A more immediate obstacle to be overcome for clinical application of this strategy is the requirement that a sufficient level of the photoswitch MAG be delivered to meet the demands of newly turned-over iGluR6 channels. Encapsulated cell therapy may offer the best solution by allowing long-term administration of the glutamate analog in the eye.13 With this technology still under development, its incorporation may slow the progress of the LiGluR6 optical switch toward the clinic.
Nonetheless, LiGluR6 has a significant advantage over naturally occurring optical switches such as ChR2. The main deficiency of ChR2 is its high level of desensitization, which reduces the overall current that can be achieved.5,14,15 In the future, channel modifications may improve such limitations; in the meantime the LiGluR6-MAG channel offers a higher level of channel conductance and can therefore achieve more adequate photon capture.
Mammalian opsin is a tough act to follow for those who endeavor to engineer photosensitive channels. For optogenetic retinal therapies to be translated to the clinic, specific hurdles must be overcome. Among these, the channels should be made receptive to more physiologically useful wavelengths, the efficiency of gene transfer to primate inner retinal cells needs to be improved, and the retinal cells that express the channel must be carefully selected so as to optimize visual processing while occupying regions of intact retinal circuitry.
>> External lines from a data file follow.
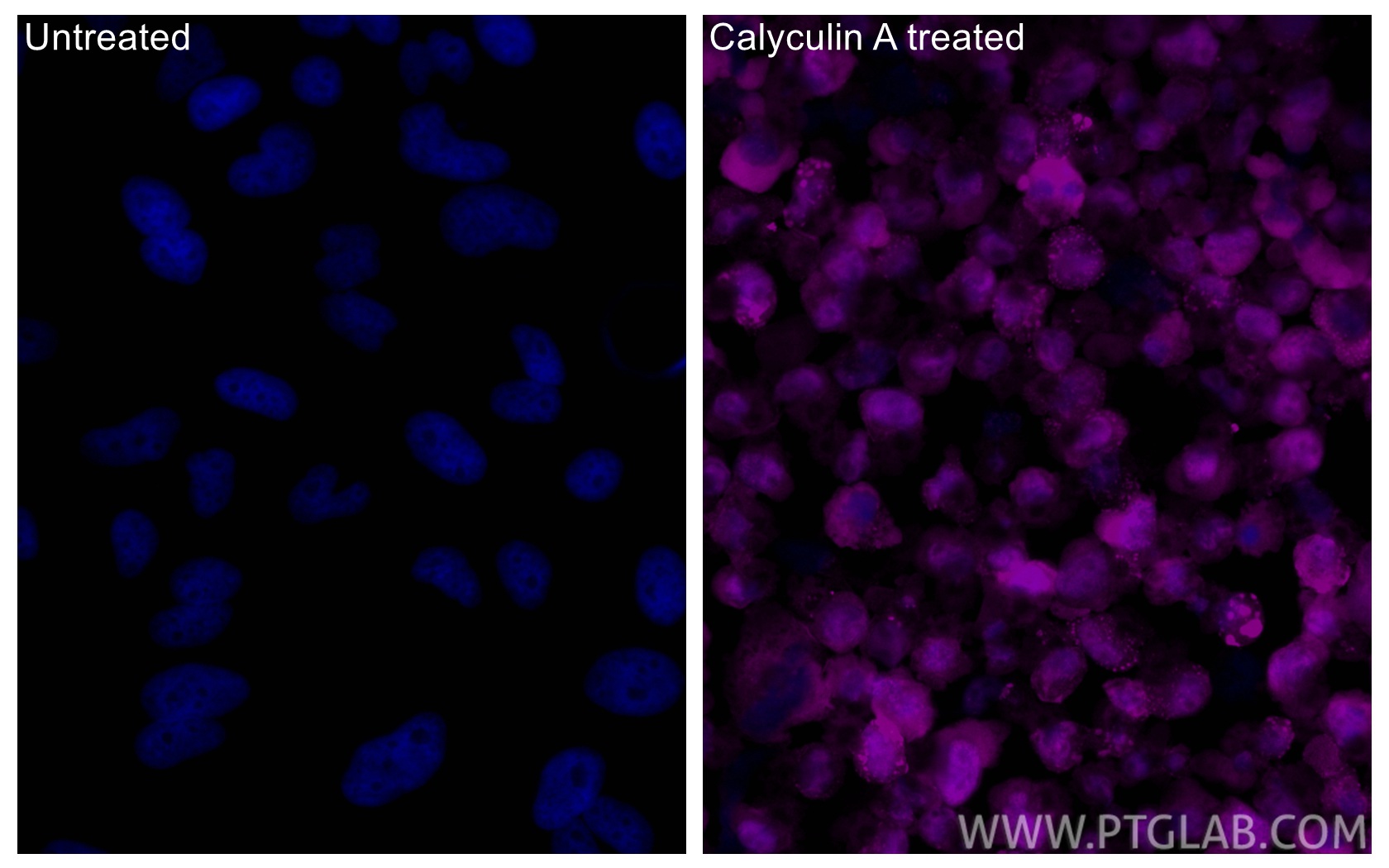 IF Staining of HeLa using CL647-80346 IF Staining of HeLa using CL647-80346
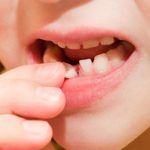 لق شدن دندان کودکان را جدی بگیریم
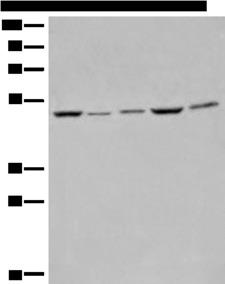 EIF4A3 Antibody - Western blot analysis of Raji Hela A549 HEPG2 and 231 cell lysates  using EIF4A3 Polyclonal Antibody at dilution of 1:500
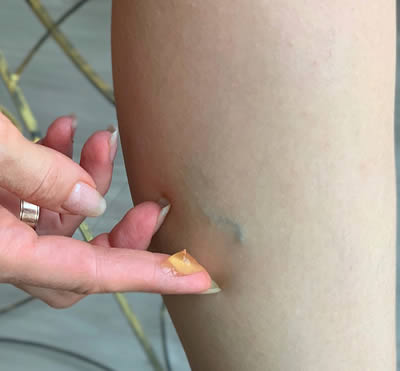 艾灸箕门对血栓动脉有良效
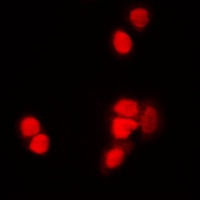 Histone H3 (Acetyl-K9) Rabbit Polyclonal Antibody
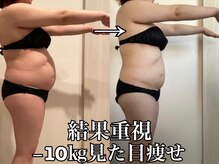 ヨサパーク ラナ(YOSA PARK Lana)の雰囲気（しっかり詰めて通えば、驚きの変化に感動！！）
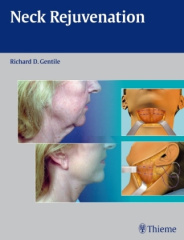 Neck Rejuvenation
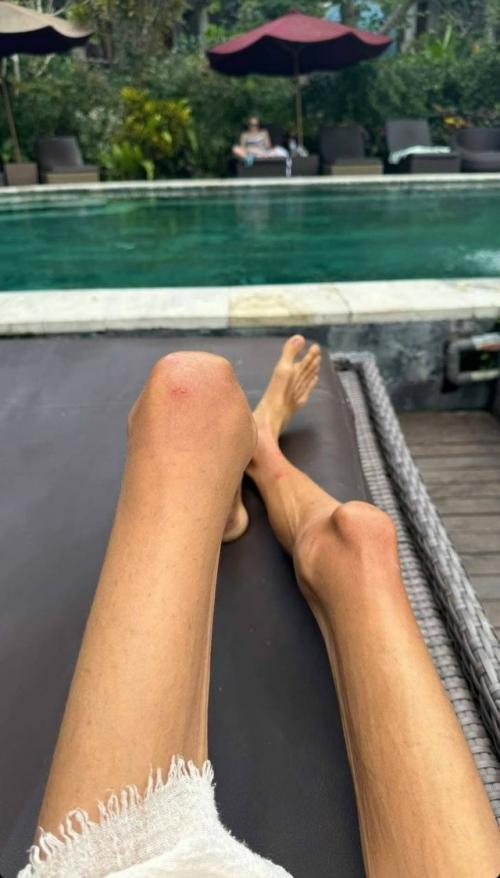 Скончалась женщина, которая ела одни фрукты: на момент смерти ее вес составлял менее 23 кг. 05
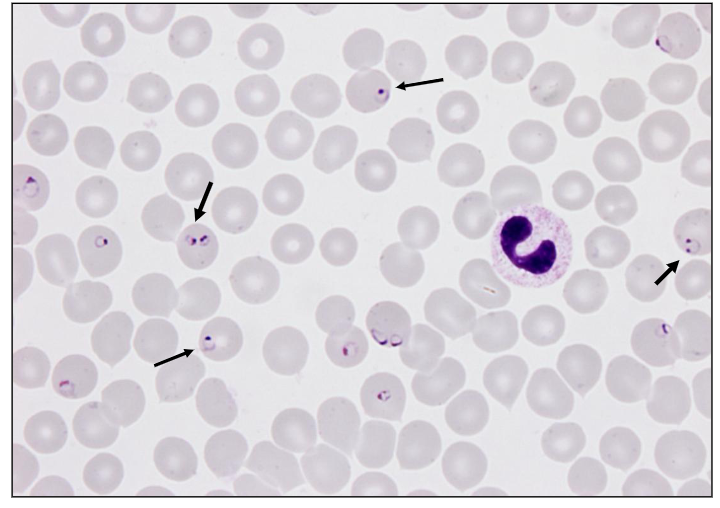 <p>- Malaria (Plasmodium falciparum)</p><p>- Parasites inside RBC burst releasing Hb and dark urine</p>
Alternative strategies aimed at restoring the visual function lost in RD are being investigated, and these too have their own hurdles. Retinal regeneration through the manipulation of stem cells combined with tissue engineering has been the focus of intense research efforts and yielded some recent successes.16 However, the molecular mechanisms needed for appropriate stem cell differentiation remain largely unknown, as are the requirements for successful integration and survival of the derived cells following transplantation. The microelectronic retinal implant has also shown much promise since clinical trials commenced with the epiretinal chip (SecondSight) in February 2002 (ref. 17). The progress of these chips to full clinical use remains limited until improved resolution and full biocompatibility can be achieved.
As for the optogenetic approach, all these strategies require that layers of the inner retina and associated cell types maintain their architecture for a period of time following photoreceptor degeneration. Although this is broadly true in many instances of RD, it may nonetheless be of benefit to promote the parallel development of neurotrophic therapies that may optimally support the health of inner retinal cells. The study described here reminds us that if creative but methodical approaches are used to test strategies for vision restoration in advanced RD, the obstacles to the clinic will be overcome.